Wenigstens schien der Zollbeamte freundlich zu sein. Vielleicht hatte sie sich zu viele Sorgen wegen dieses Augenblicks gemacht.
Der Raum, in den Brent Roi sie führte, war im Grunde genommen nur eine verbreiterte Sektion des Korridors, zylindrisch, zehn Meter lang und acht breit. Es gab kein Mobiliar bis auf die fünf Reihen von Haltegriffen, die vom Eingang her an den Wänden verliefen.
Brent Roi zog die Beine an und stieß sich schwungvoll ab, sobald er durch die Luke war. Als Louise hineinkam, hatte er sich bereits zu den anderen gesellt, die an den Wänden warteten. Sie blickte sich um, und ihr Herz klopfte aufgeregt. Ein Dutzend Leute hatten sich ringsum auf StikPads verankert. Louise konnte ihre Gesichter nicht erkennen, sie trugen ausnahmslos Helme mit silbernen Visieren. Jeder hielt eine sperrige Waffe in den Händen. Die kurzen Läufe richteten sich auf Fletcher, als dieser durch die Luke schwebte.
»Und das soll der Zoll sein?« fragte Louise mit bebender Stimme.
Genevieves kleine Hand packte ihren Knöchel. »Louise!« sie kletterte am Körper ihrer großen Schwester entlang wie eine Rebe in Zeitraffer. Die beiden jungen Frauen klammerten sich furchterfüllt aneinander.

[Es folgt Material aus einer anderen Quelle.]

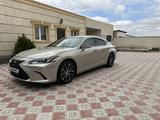 Lexus ES 250 2024 годаүшін26 000 000 тг. в Актау – фото 3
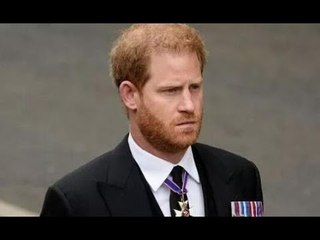 Il principe Harry ha deciso di parlare in memoria dopo che Oprah era "lo show di Meghan"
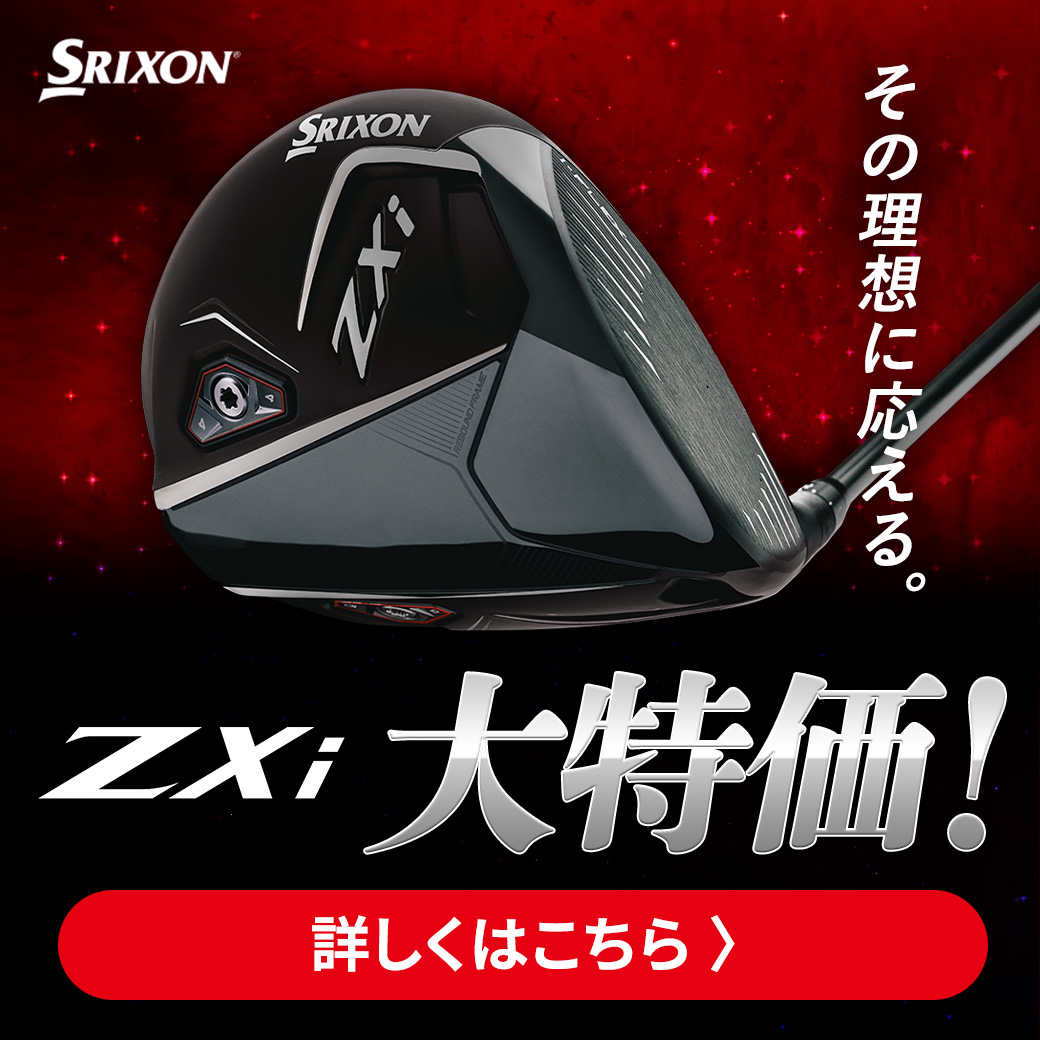 スリクソンンZXI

»Diese Ladys sind nicht besessen«, sagte Fletcher ruhig. »Ich bitte Euch, Sie nicht in Gefahr zu bringen. Ich werde keinen Widerstand leisten.«
»Da hast du verdammt recht, das wirst du nicht, du Hundesohn«, schnarrte Brent Roi.
Ashly feuerte die Schubdüsen des MSVs: zu heftig, zu lang. Er fluchte ungehalten. Die Drift hatte sich umgekehrt, anstatt aufzuhören. Der auf ihm lastende Druck war nahezu unerträglich. Fehler wie dieser konnten sie eine Menge mehr kosten als nur das Leben. Per Datavis übermittelte er eine weitere Serie von Befehlen an den Rechner des kleinen Fahrzeugs, und die Antriebe zündeten erneut, diesmal kürzer und mit weniger Schub.
Das MSV kam drei Meter über der Luke zum relativen Stillstand. Sie war, wie der gesamte Rumpf der Beezling, von tiefen Rissen und Kratern übersät. Aber sie funktionierte noch.
»Keine Partikelpenetration«, meldete er per Datavis. »Scheint unbeschädigt zu sein.«
»Sehr gut. Mach sie auf«, antwortete Joshua.
Ashly hatte bereits einen der drei Waldo-Arme des MSV ausgefahren. Er schob eine Hand direkt in die Halterung eines abgebrochenen Sensorclusters und drückte die Fingersegmente auseinander, bis das MSV sicher verankert war. Am Ende des zweiten Arms saß eine Fissionsklinge. Ashly aktivierte sie, und ein gelbes Leuchten hüllte die Spitze ein.